What is required =>
Starting at the first line of the records below, transcribe each line exactly, ending with the line that contains "De weg naar Trans-formatie".

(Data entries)
*** Block opens ***

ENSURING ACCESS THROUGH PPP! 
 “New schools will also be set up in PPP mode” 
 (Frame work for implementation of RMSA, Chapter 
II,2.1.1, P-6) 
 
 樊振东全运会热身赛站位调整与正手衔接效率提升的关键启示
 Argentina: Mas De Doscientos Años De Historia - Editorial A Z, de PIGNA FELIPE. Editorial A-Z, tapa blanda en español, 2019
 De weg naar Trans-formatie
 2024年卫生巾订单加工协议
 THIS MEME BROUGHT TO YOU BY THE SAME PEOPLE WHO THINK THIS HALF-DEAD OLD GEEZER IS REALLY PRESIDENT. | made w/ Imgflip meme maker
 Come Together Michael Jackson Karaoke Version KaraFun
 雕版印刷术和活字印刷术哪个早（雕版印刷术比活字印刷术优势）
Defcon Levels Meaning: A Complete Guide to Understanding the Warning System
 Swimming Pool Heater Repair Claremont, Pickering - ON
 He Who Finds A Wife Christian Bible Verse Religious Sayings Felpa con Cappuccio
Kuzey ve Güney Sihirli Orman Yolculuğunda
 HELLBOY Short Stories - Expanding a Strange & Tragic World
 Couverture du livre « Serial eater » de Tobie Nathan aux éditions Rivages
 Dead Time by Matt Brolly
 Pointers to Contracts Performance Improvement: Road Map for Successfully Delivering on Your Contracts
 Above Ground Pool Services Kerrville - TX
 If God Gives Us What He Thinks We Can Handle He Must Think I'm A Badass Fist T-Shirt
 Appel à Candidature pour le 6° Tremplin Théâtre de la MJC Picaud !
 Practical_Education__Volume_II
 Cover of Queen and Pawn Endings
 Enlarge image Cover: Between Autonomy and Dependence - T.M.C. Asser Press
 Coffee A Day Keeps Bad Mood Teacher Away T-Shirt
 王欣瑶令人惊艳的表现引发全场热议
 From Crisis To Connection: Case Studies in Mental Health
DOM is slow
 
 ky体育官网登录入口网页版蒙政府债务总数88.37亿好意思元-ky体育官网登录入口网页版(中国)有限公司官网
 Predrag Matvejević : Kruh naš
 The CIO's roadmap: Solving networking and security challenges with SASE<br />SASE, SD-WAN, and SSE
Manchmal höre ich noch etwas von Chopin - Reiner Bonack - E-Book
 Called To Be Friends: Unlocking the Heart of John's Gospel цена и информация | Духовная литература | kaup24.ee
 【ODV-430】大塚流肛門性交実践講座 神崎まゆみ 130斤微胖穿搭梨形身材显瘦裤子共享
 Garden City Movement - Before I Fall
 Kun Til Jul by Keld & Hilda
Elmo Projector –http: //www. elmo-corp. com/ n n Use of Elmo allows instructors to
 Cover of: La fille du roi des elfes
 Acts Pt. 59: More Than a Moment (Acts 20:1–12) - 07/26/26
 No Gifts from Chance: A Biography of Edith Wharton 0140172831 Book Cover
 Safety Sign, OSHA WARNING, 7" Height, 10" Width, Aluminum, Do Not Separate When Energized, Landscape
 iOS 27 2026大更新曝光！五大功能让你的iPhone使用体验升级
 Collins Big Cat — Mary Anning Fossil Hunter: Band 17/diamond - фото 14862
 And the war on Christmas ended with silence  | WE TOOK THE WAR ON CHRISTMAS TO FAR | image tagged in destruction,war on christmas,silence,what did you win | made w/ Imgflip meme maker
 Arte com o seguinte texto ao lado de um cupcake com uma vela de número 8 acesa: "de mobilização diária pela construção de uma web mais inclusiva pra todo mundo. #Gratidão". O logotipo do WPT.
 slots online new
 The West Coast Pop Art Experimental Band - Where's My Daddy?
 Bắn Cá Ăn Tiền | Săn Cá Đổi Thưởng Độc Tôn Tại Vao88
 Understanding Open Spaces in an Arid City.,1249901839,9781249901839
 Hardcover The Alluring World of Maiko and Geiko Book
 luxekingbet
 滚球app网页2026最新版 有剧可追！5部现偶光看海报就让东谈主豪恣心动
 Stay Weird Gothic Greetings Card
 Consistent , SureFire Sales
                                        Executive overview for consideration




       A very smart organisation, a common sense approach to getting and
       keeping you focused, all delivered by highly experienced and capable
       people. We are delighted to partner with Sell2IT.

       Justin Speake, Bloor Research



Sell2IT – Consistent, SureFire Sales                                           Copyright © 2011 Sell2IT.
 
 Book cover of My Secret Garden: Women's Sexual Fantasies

*** Block closes ***

Task result =>
ENSURING ACCESS THROUGH PPP! 
 “New schools will also be set up in PPP mode” 
 (Frame work for implementation of RMSA, Chapter 
II,2.1.1, P-6) 
 
 樊振东全运会热身赛站位调整与正手衔接效率提升的关键启示
 Argentina: Mas De Doscientos Años De Historia - Editorial A Z, de PIGNA FELIPE. Editorial A-Z, tapa blanda en español, 2019
 De weg naar Trans-formatie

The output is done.